Cette idée nous permet de faire une transition avec le penseur marxiste Georg Lukacs dont Michael Fried s'inspire beaucoup et dont certains concepts peuvent nous éclairer sur la conception de la peinture moderniste de Fried et ses rapports à Greenberg. Le recours de Fried à l'hégéliano-marxisme s'explique par l'histoire des questionnements qu'il traite. On a observé que approximativement depuis Manet, la peinture employait toute son industrie à s'autonomiser. Or la caractéristique propre d'une peinture est sa force critique. Elle est a elle même sa pratique et sa théorie. C'est ce que Fried à pu appeler la négativité de l'art, le fait de ne pouvoir avoir qu'une approche critique de l’œuvre. De ce fait l'art est un langage qui suppose le méta-langage de la critique. Cela induit nécessairement le débat dans le méta-langage c'est-à-dire le conflit. La dialectique historique de l'art que propose Fried est donc nécessaire pour penser la continuelle autocritique des solutions formalistes.

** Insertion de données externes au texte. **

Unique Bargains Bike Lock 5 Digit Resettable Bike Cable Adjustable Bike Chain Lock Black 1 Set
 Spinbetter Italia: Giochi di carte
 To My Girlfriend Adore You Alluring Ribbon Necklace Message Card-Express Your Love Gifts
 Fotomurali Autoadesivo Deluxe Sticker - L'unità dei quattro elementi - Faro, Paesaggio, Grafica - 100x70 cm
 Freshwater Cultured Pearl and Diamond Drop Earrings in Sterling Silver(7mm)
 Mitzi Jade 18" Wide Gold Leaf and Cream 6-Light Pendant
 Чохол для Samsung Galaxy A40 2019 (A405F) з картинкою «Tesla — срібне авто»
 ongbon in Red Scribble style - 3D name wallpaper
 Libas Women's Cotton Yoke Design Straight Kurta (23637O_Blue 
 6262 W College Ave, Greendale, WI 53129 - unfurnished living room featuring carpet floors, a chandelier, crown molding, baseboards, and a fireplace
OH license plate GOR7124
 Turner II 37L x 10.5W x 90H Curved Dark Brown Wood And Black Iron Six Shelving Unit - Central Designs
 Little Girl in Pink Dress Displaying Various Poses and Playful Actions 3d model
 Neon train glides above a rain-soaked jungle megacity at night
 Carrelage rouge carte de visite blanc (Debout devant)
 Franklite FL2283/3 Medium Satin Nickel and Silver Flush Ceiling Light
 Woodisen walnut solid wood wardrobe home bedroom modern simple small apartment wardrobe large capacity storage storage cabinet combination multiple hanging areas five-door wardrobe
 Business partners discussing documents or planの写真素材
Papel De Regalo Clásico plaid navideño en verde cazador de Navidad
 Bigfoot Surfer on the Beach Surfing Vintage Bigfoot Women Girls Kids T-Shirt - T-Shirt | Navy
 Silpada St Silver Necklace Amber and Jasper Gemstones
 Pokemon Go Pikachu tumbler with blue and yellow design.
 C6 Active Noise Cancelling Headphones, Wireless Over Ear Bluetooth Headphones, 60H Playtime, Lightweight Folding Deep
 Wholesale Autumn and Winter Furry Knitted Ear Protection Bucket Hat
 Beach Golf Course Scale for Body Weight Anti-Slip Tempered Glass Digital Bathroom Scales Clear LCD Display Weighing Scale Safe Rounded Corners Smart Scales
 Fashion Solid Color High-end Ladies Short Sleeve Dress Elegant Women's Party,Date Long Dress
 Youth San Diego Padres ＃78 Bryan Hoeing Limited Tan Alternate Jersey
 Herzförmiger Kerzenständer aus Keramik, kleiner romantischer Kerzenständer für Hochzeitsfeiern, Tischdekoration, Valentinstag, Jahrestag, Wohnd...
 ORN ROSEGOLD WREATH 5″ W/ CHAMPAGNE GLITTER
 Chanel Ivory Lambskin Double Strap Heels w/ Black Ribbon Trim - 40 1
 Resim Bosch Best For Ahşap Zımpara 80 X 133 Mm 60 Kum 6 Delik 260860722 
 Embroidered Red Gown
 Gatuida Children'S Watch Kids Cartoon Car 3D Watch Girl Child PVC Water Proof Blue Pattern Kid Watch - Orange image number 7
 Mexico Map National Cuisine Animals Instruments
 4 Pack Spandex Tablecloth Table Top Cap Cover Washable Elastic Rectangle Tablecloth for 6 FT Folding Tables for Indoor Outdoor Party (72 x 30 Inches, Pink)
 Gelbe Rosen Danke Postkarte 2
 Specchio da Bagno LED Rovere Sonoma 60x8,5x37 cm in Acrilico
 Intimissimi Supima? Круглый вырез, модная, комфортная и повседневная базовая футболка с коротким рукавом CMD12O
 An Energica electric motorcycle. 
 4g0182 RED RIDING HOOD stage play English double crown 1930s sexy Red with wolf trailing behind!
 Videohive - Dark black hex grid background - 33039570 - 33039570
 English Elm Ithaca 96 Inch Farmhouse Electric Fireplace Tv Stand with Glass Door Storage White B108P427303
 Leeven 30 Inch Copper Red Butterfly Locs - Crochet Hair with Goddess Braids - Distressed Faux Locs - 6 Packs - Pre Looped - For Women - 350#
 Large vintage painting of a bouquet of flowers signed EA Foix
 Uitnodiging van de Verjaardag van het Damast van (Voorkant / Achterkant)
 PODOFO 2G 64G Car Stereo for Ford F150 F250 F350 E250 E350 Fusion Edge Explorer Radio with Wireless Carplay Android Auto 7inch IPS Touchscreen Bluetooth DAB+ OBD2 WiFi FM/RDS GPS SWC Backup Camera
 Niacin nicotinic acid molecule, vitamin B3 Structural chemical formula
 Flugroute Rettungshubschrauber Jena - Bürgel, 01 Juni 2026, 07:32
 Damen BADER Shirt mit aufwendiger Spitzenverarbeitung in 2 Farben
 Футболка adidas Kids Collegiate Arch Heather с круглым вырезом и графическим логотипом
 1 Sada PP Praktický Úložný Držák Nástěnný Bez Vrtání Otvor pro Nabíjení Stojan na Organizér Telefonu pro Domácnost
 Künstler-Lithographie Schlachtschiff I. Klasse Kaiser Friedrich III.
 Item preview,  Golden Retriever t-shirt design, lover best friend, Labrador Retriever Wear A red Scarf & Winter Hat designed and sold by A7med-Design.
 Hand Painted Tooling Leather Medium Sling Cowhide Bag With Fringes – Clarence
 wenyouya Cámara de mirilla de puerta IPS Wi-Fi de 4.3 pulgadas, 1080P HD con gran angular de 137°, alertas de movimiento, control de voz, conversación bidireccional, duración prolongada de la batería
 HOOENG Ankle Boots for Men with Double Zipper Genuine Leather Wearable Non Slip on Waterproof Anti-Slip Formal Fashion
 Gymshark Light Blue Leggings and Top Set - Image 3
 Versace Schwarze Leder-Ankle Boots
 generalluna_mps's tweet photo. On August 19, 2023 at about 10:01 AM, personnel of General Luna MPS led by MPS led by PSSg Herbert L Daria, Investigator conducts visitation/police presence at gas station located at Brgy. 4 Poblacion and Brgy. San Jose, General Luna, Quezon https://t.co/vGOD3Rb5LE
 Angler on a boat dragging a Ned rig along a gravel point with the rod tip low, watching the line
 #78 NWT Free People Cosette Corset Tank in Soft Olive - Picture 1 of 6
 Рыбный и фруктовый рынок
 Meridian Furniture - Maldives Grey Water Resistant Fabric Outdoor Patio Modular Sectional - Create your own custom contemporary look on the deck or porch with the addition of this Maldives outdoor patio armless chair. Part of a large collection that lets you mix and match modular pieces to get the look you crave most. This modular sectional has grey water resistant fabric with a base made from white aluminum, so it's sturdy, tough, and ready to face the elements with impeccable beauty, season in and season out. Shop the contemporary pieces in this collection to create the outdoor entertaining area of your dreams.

Rappelons un instant la position de Greenberg ) Celui-ci a aussi fait mention d'une dialectique dans ses travaux. En effet il analysait la rupture qu'a été la peinture moderniste par rapport à l'âge classique à travers une dialectique historique. Greenberg historicise le passage à la peinture moderniste et le modernisme en lui même. L'exposé sur Greenberg nous a rappelé que Kant pouvait être considérer comme le premier moderniste au sens large car il a été le premier à questionner les limites de la logique et de la philosophie de l'intérieur, de son médium en somme. Cet exemple montre bien que la rupture chez Greenberg est ancrée historiquement, elle correspond à un moment précis. C'est à travers une évolution historique dialectique d'autocritique que l'art renforce sa cohérence avec lui même. Fried va défendre Greenberg contre les accusations de téléologie en montrant que sa conception de la logique de l'art n'est pas linéaire mais circulaire et rétrospective. En revanche Fried est très critique de l'historicisation de Greenberg car il fige les conventions à un instant T dans l'histoire. La réduction moderniste de Greenberg fait apparaître pour lui des conventions essentielles et des conventions éliminables ou réductibles. Or Fried semble refuser cette essentialisation et cela se comprend avec l'utilisation qu'il fait de la philosophie de Merleau Ponty qui n'est pas sans rapport avec la dialectique historique que nous évoquions.